JAKARTA, WB – Duta Besar Republik Indonesia (Dubes RI) di Kenya, Soehardjono Sastromihardjo menyempatkan diri untuk berkunjung ke Satuan Tugas Kompi Zeni (Satgas Kizi) TNI Kontingen Garuda (Konga) XX-M/Monusco (Mission de L`Organisation des Nations Unies pour La Stabilisation en Republique Democratique du Congo) di Republik Demokratik Kongo.
Dalam kunjungan itu, Soehardjono Sastromihardjo memberikan arahan dan motivasi kepada perwakilan anggota Satgas agar selalu berbuat terbaik selama penugasan serta mencegah pelanggaran dalam bentuk apapun, dan mengucapkan terima kasih atas partisipasi anggota Satgas Kongo dalam rangkaian upacara 17 Agustus 2016, di Nairobi.
“Diharapkan ke depan, pelibatan pasukan perdamaian dalam upacara 17 Agustus di wilayah yang menjadi tanggung jawab Kedubes RI di Kenya, dapat dijadikan tradisi,” ucap Soehardjono, beberapa waktu lalu.
Di sela-sela acara ramah tamah dengan perwakilan anggota Satgas Kizi TNI, Soehardjono menyampaikan rasa bangga dan apresiasi yang tinggi atas prestasi yang telah diraih selama penugasan di Kongo.
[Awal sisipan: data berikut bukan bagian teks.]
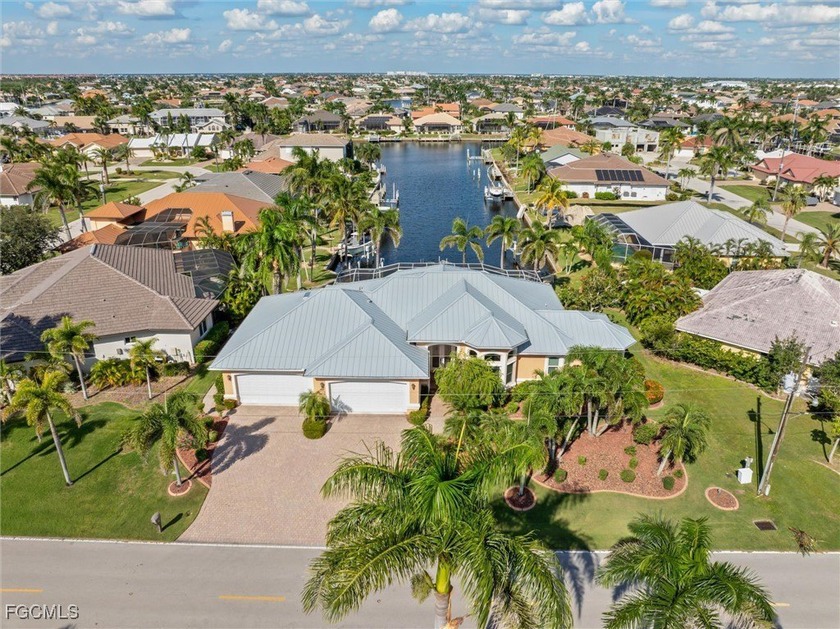 Welcome to luxury waterfront living in Punta Gorda Isles! This - Beach Home for sale in Punta Gorda, Florida on Beachhouse.com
Beberapa permasalahan dalam penugasan PBB menjadi atensi Bapak Duta Besar saat berdiskusi dengan Dansatgas Konga XX-M/Monusco, Letkol Czi Sriyanto M.I.R, M.A, Psc(j).
Dikatakan Soehardjono, guna penyelenggaraan partisipasi Indonesia dalam misi PBB secara lebih efektif dan efisien, perlunya Amandemen MoU antara Pemerintah RI dengan PBB, guna mendapatkan reimbursement personel dan materiil secara proporsional dengan tuntutan tugas dan kinerja yang selama ini dilaksanakan.
“Salah satu mekanisme dukungan yang dapat dijadikan pertimbangan adalah Kontingen Engineering Nepal, dimana Negara memberikan kewenangan kepada Dansatgasnya untuk melaksanakan pembelian spareparts secara langsung di daerah operasi dan atau Negara terdekat,” ujarnya.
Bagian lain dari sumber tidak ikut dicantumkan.